I think it's double crazy that a firm whose employees are writing
code for a company's systems can be responsible for auditing those
systems. (I would have loved to be responsible for auditing
my own systems! How come nobody ever asked me?) There are some clean,
simple things that might be done. I'd also like to see suggestions
for enforcing the Mr. Wu principle: that if your business fails,
you end up personally broke. That doesn't seem to happen
any more in the U.S. not, at any rate, without the intervention
of law enforcement (and not much even then).
What can't
be done is the purging of all risk from capitalism. That would be
a contradiction in terms. And as long as risk is there, it will
follow simple statistical rules, with lots of people taking lots
of tiny hits all the time, then once in a while some poor unlucky
schmo taking a really big hit like a meteor striking the
surface of the moon. That's the game, that's capitalism. Love it
or leave it; there are regular flights to Cuba and North Korea.

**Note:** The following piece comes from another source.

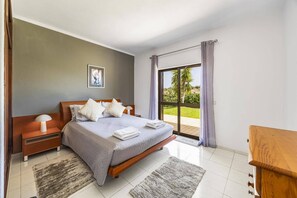 A bedroom with a bed, bedside tables, a nightstand, a picture on the wall, and a view of the outdoors through a sliding door. - Villa Casa Mafalda by Villa Plus (Carvoeiro)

Or, for that matter, to France and Germany, where the little guy
is so thoroughly well protected nowadays that economic activity
has pretty much ground to a halt, unemployment runs 9.5 and 8.1
percent respectively (U.S.A. figure: 5.5), The Economist
start-up index is at -0.2 and 0.4 respectively (U.S.A.: 2.0), and
the last new product anyone brought to market was the daguerreotype.
So what would
I say to former Enron employee Deborah Perrotta, blubbing away into
her hanky before the Senate Government Affairs Committee earlier
this week because she'd lost $40,000 in her 401(K) plan? ("Her
Dreams End in Tears" New York Post headline.)
Well, first I'd say: Stop making a spectacle of yourself in public,
woman. Show some good American backbone there's a war going
on, and the world, including our enemies, is watching. There are
plenty worse off than you, with less to blame themselves for than
you have. You didn't have to buy the frigging stock, did
you? It's in the nature of dreams to end in tears; and it's in the
nature of tears to stop and dry up after a while.
So suck it
up, Deborah. This is life in a free society; and those grave well-fed
persons on the dais in that committee room are not, on the whole,
friends of freedom. Don't go to them asking for any favors. Oh,
they'll give you your favors all right, if they see any votes in
it: but what the cost of those favors will be to the rest of us,
and to our liberties, we won't find out until it's too late. Walk
out of that committee room with your back straight and your head
held high. Go get yourself a little street concession close to some
big hotels, and see what you can make of it.
It's a jungle
out here. Most of us, however, prefer jungle to desert, and those
are the only two economic alternatives the human race has yet been
able to come up with. Caveat emptor.